DATA Block Start

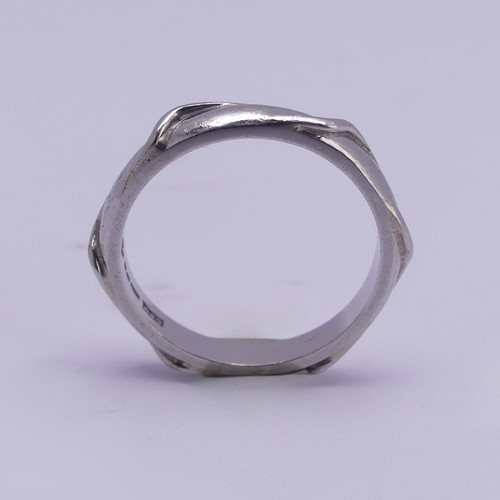 171 - A Platinum Wedding Band, of hexagonal form, Size N, 5.2g.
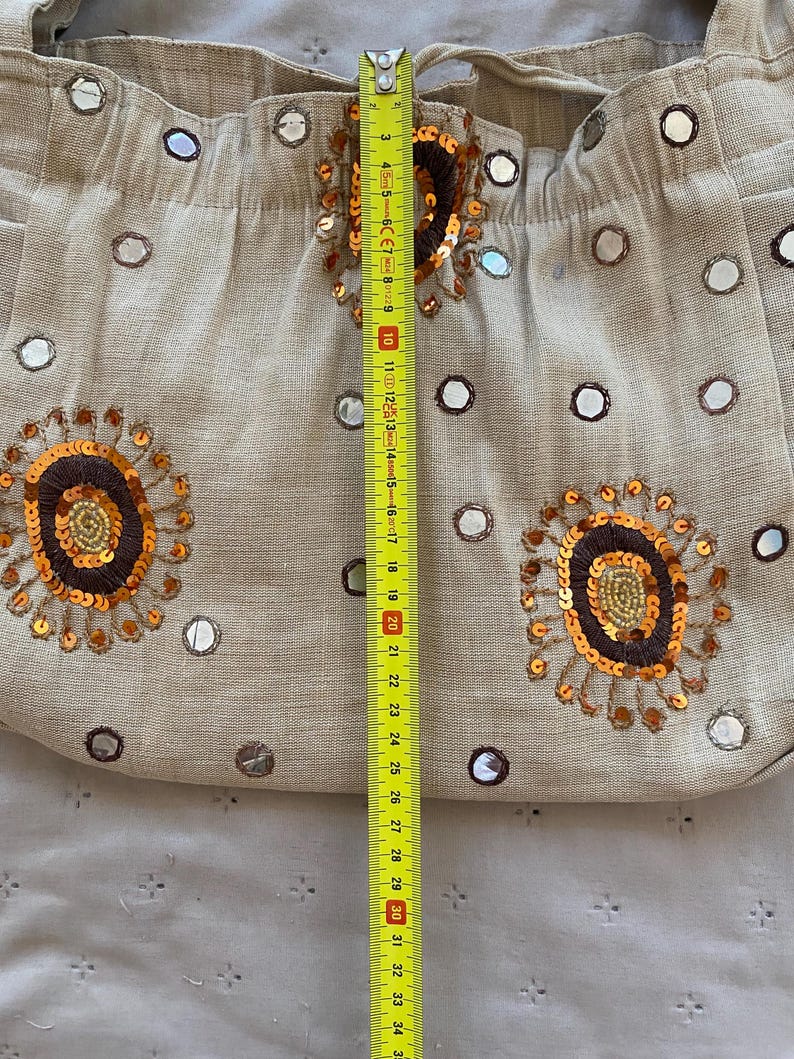 May include: A beige fabric shoulder bag decorated with small circular mirrors and embroidered floral motifs in brown, gold, and orange sequins. A yellow measuring tape is placed vertically over the center, showing a length of approximately 10 inches.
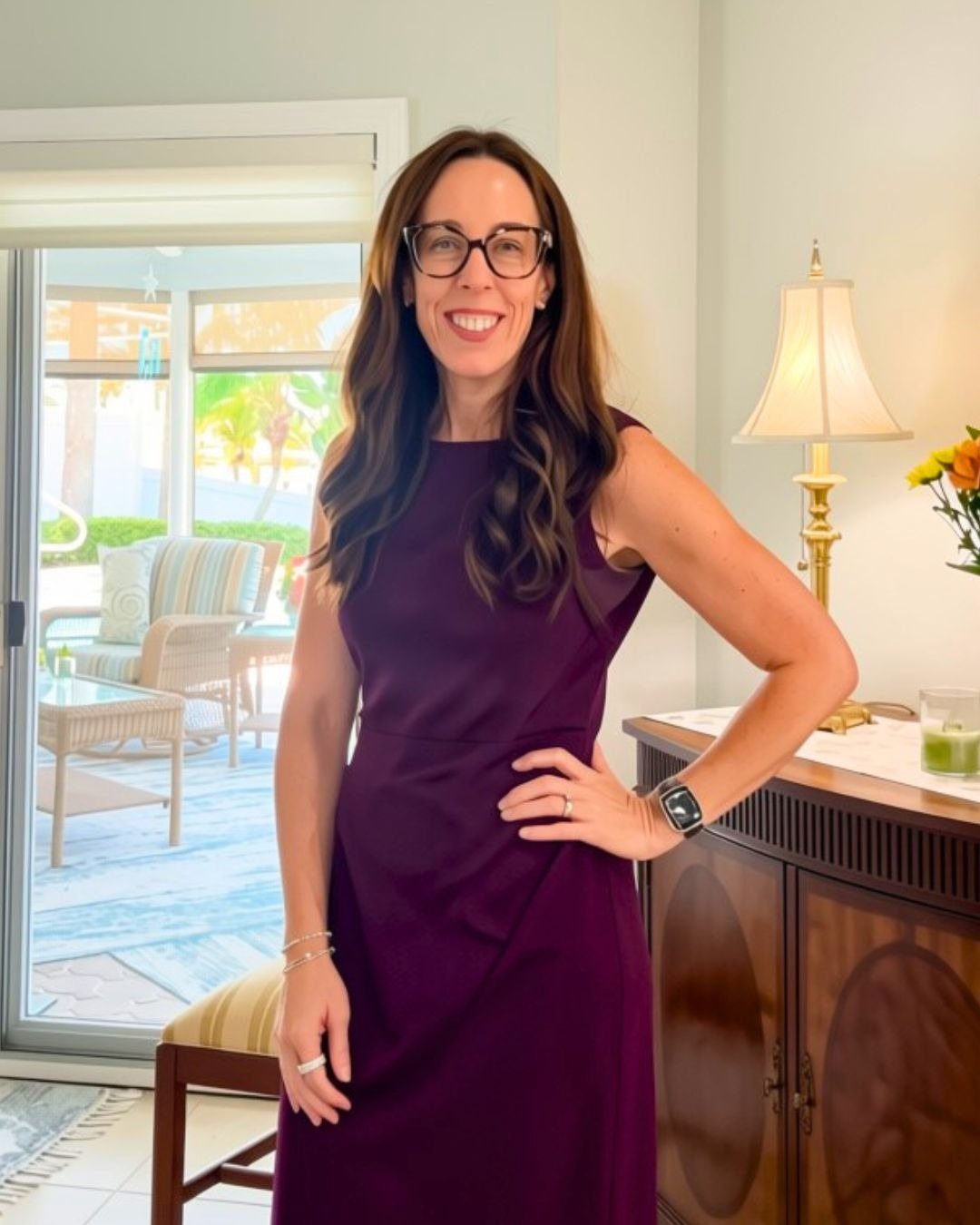 Karen Crotty in glasses and a purple dress in a bright living room.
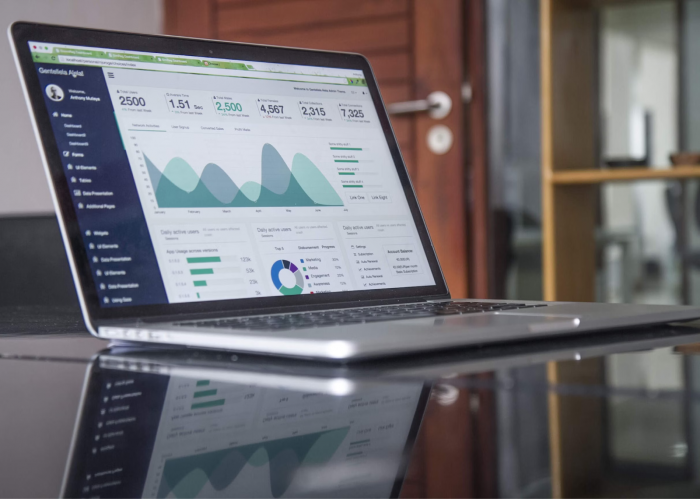 Laptop displaying analytics dashboard with charts and user data metrics on screen.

DATA Block End

TASK GOAL:
The lines from the top of the data above through the one holding "May include: A" are to be repeated exactly, and only those, with no pictures.

OUTPUT FOR THIS EXERCISE:
 171 - A Platinum Wedding Band, of hexagonal form, Size N, 5.2g.
 May include: A beige fabric shoulder bag decorated with small circular mirrors and embroidered floral motifs in brown, gold, and orange sequins. A yellow measuring tape is placed vertically over the center, showing a length of approximately 10 inches.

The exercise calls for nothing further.